━━ RECORDS FOR PROCESSING ━━
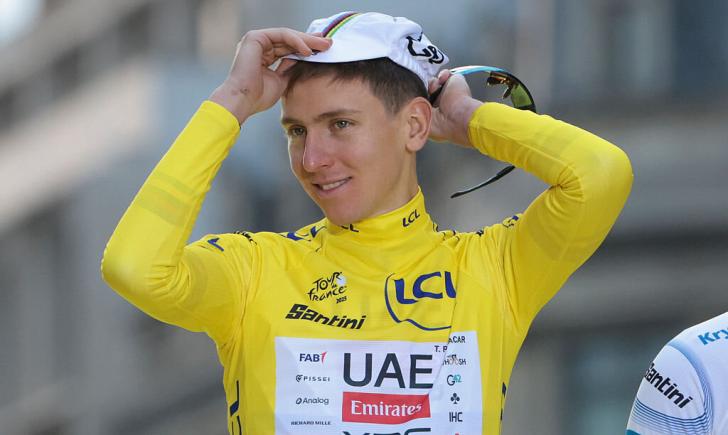 Tadej Pogacar, gran ausente en la Vuelta a España, con el maillot amarillo de campeón del Tour de Francia.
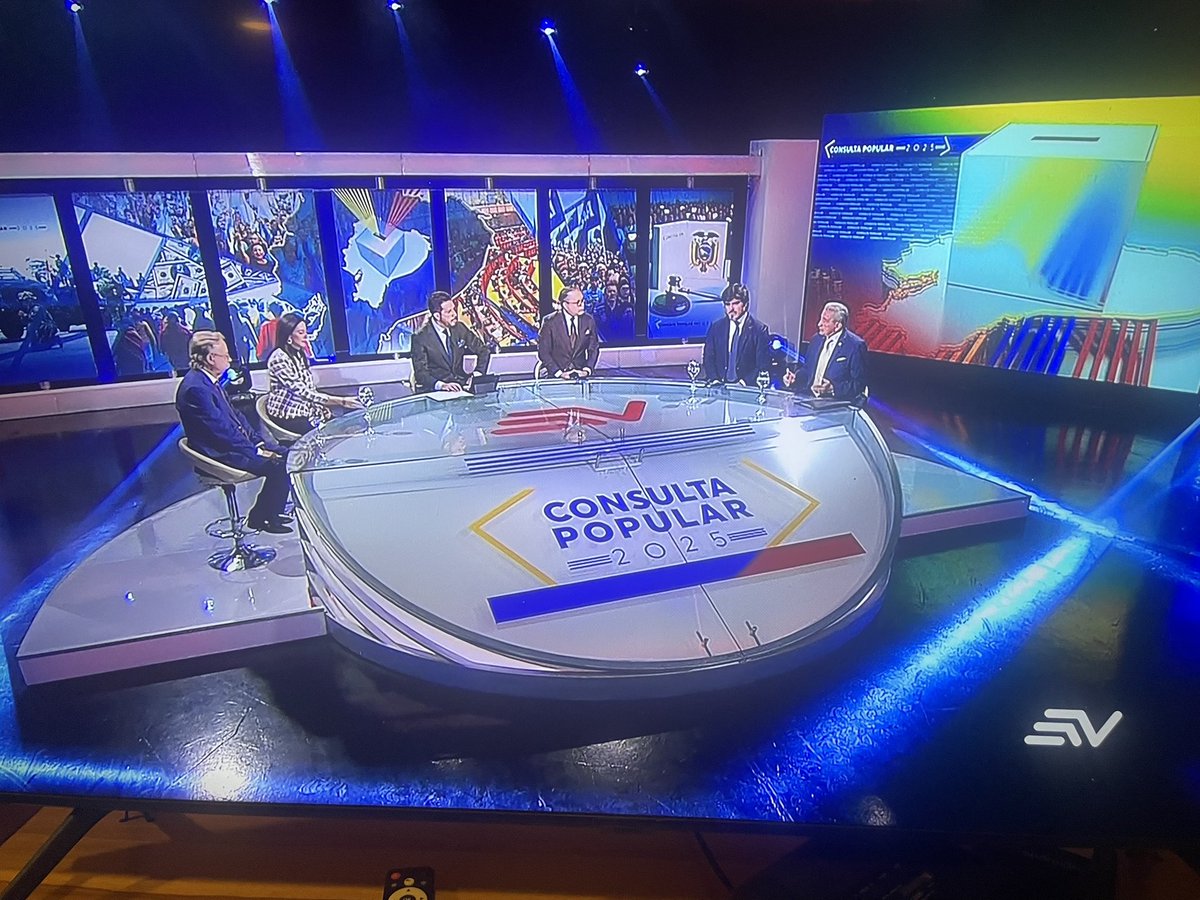 luisdavilaloor's tweet photo. ¿Esto es un panel o un velorio? https://t.co/1kOucIzXug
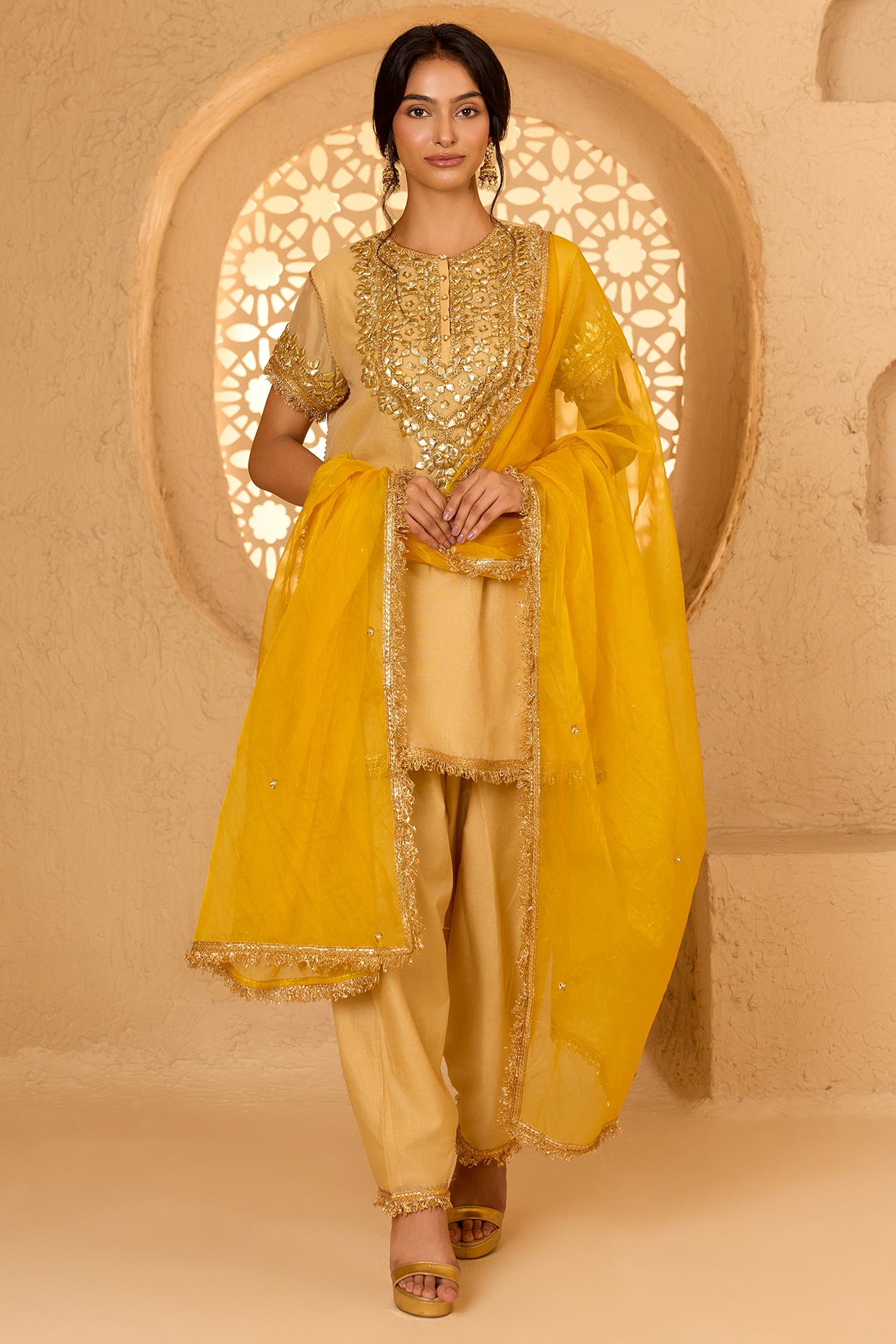 saina kapoor Beige Cotton Chanderi Floral Embroidered Short Kurta Set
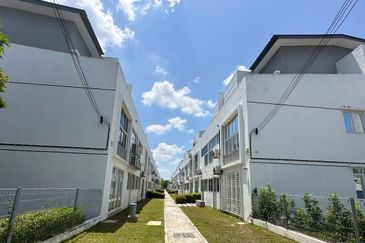 Platinum Residence @ Dengkil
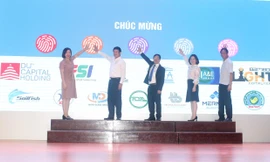 BTC thực hiện nghi thức phát động cuộc thi viết “Vượt lên số phận” lần thứ V. 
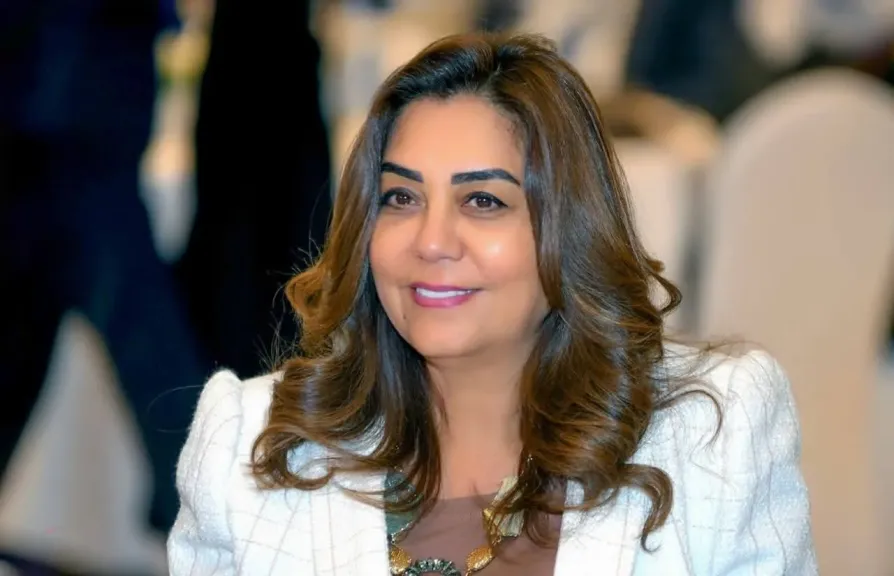 وزيرة التنمية المحلية والقائم بأعمال وزير البيئة تستعرض تقريراً حول جهود وزارة البيئة في مجال التغيرات المناخية خلال عام 2025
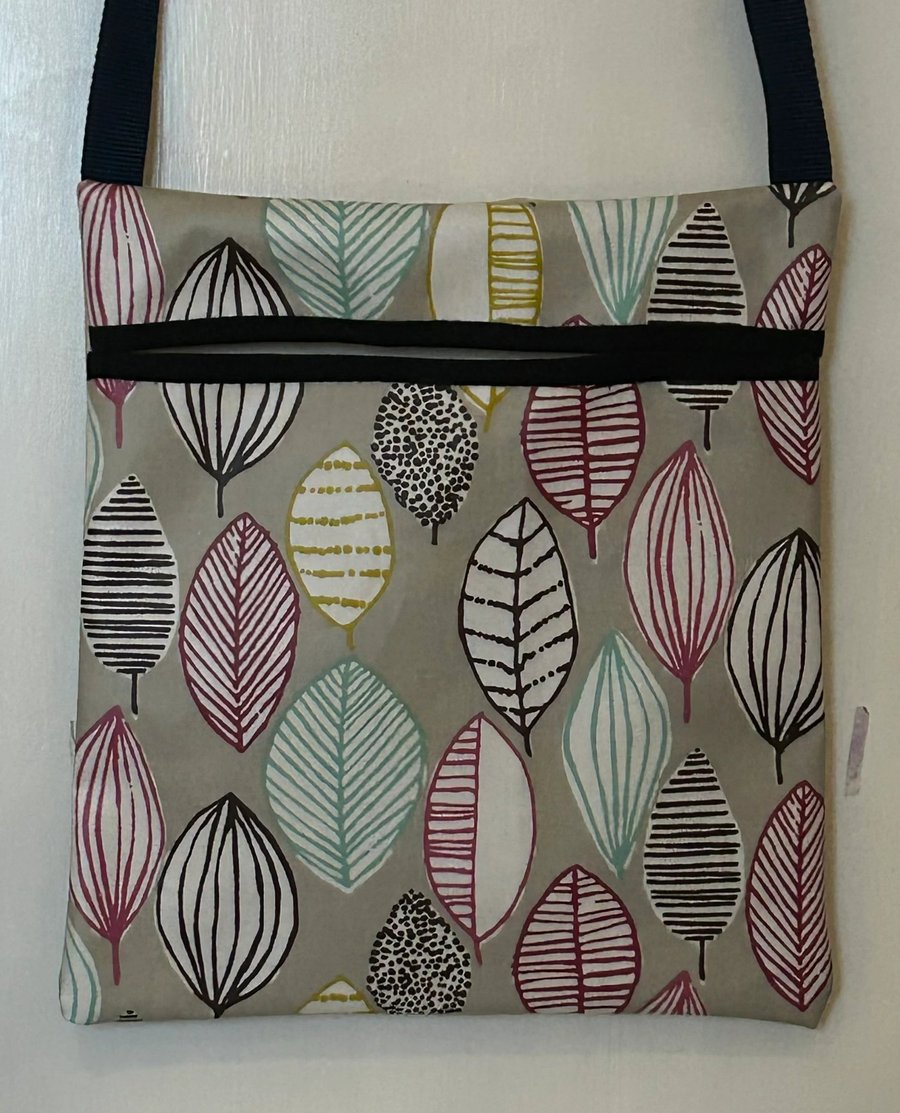 Crossbody oilcloth peg bag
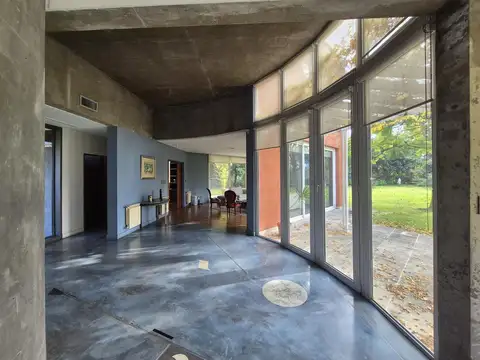 Casa en Venta en Abril Club De Campo, USD 1.500.000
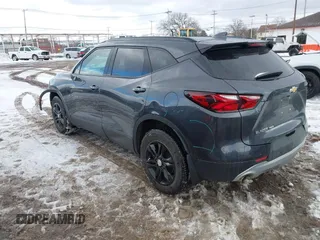 2021 Chevrolet Blazer LT z VIN 3GNKBHR48MS547322, wystawiony jako IAAI lot #41329653 z przebiegiem 82 867 mil mil oraz . Historia ofert i sprzedaży dostępna na DreamBid. Obrazek 3.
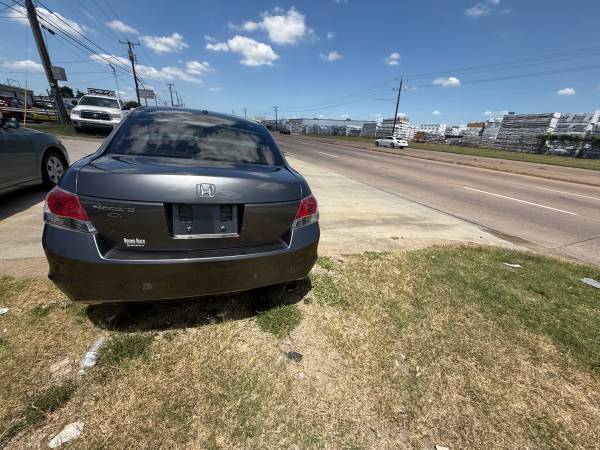 🚗 FOR SALE: 2009 Honda Accord – Reliable, Efficient, and Built to Las - $5,500 (Garland)63488649232131124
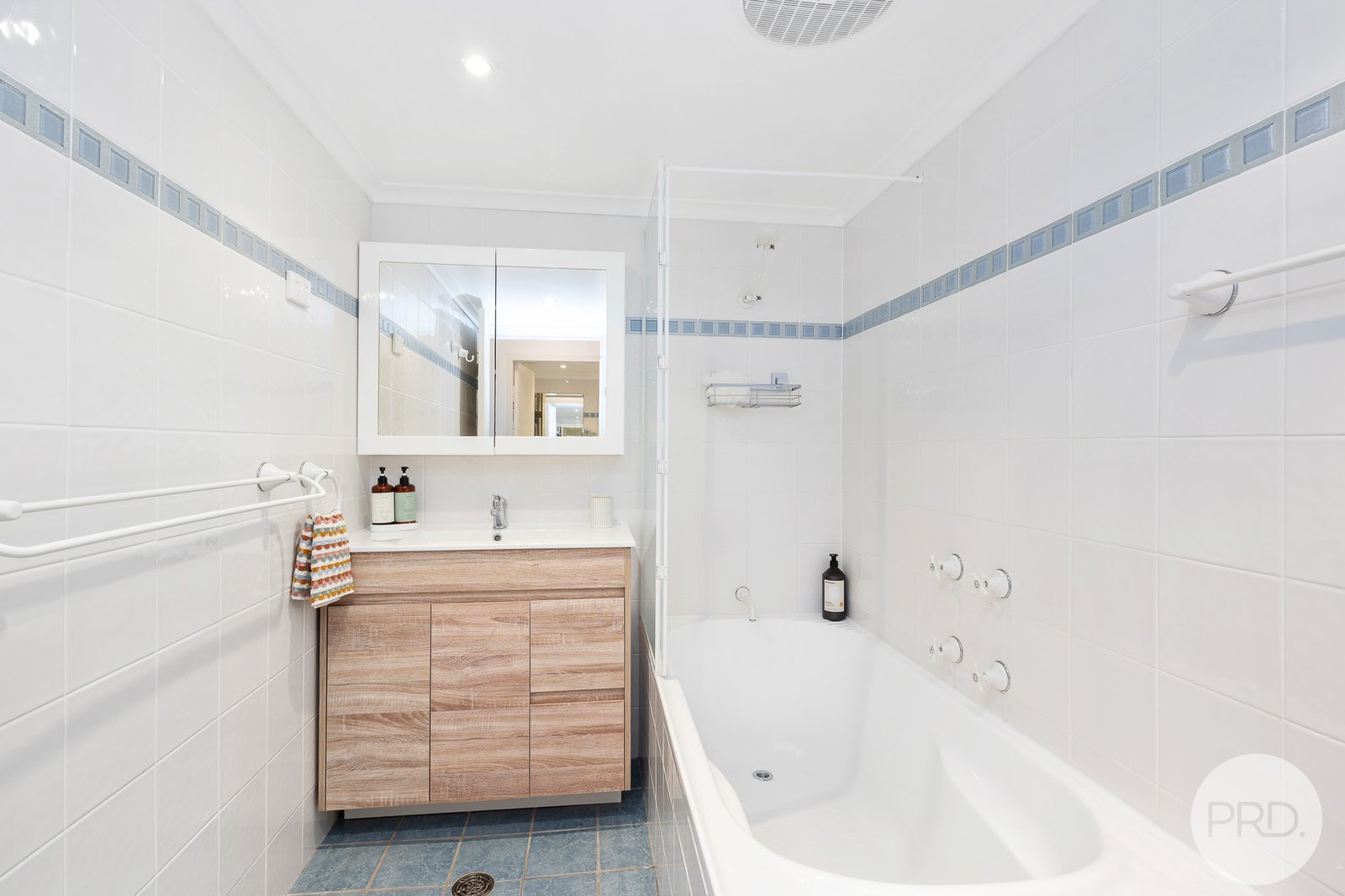 4/29 Weatherly Close NELSON BAY 15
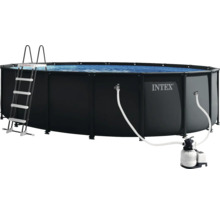 Intex Aufstellpool oval mit schwarzer Außenwand, Sicherheitsleiter und Sandfilteranlage.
━━━
• [GOAL OF THE EXERCISE] Leaving out the pictures, repeat all the entries exactly as they stand.

• [OUTPUT]
 Tadej Pogacar, gran ausente en la Vuelta a España, con el maillot amarillo de campeón del Tour de Francia.
 luisdavilaloor's tweet photo. ¿Esto es un panel o un velorio? https://t.co/1kOucIzXug
 saina kapoor Beige Cotton Chanderi Floral Embroidered Short Kurta Set
 Platinum Residence @ Dengkil
 BTC thực hiện nghi thức phát động cuộc thi viết “Vượt lên số phận” lần thứ V. 
 وزيرة التنمية المحلية والقائم بأعمال وزير البيئة تستعرض تقريراً حول جهود وزارة البيئة في مجال التغيرات المناخية خلال عام 2025
 Crossbody oilcloth peg bag
 Casa en Venta en Abril Club De Campo, USD 1.500.000
 2021 Chevrolet Blazer LT z VIN 3GNKBHR48MS547322, wystawiony jako IAAI lot #41329653 z przebiegiem 82 867 mil mil oraz . Historia ofert i sprzedaży dostępna na DreamBid. Obrazek 3.
 🚗 FOR SALE: 2009 Honda Accord – Reliable, Efficient, and Built to Las - $5,500 (Garland)63488649232131124
 4/29 Weatherly Close NELSON BAY 15
 Intex Aufstellpool oval mit schwarzer Außenwand, Sicherheitsleiter und Sandfilteranlage.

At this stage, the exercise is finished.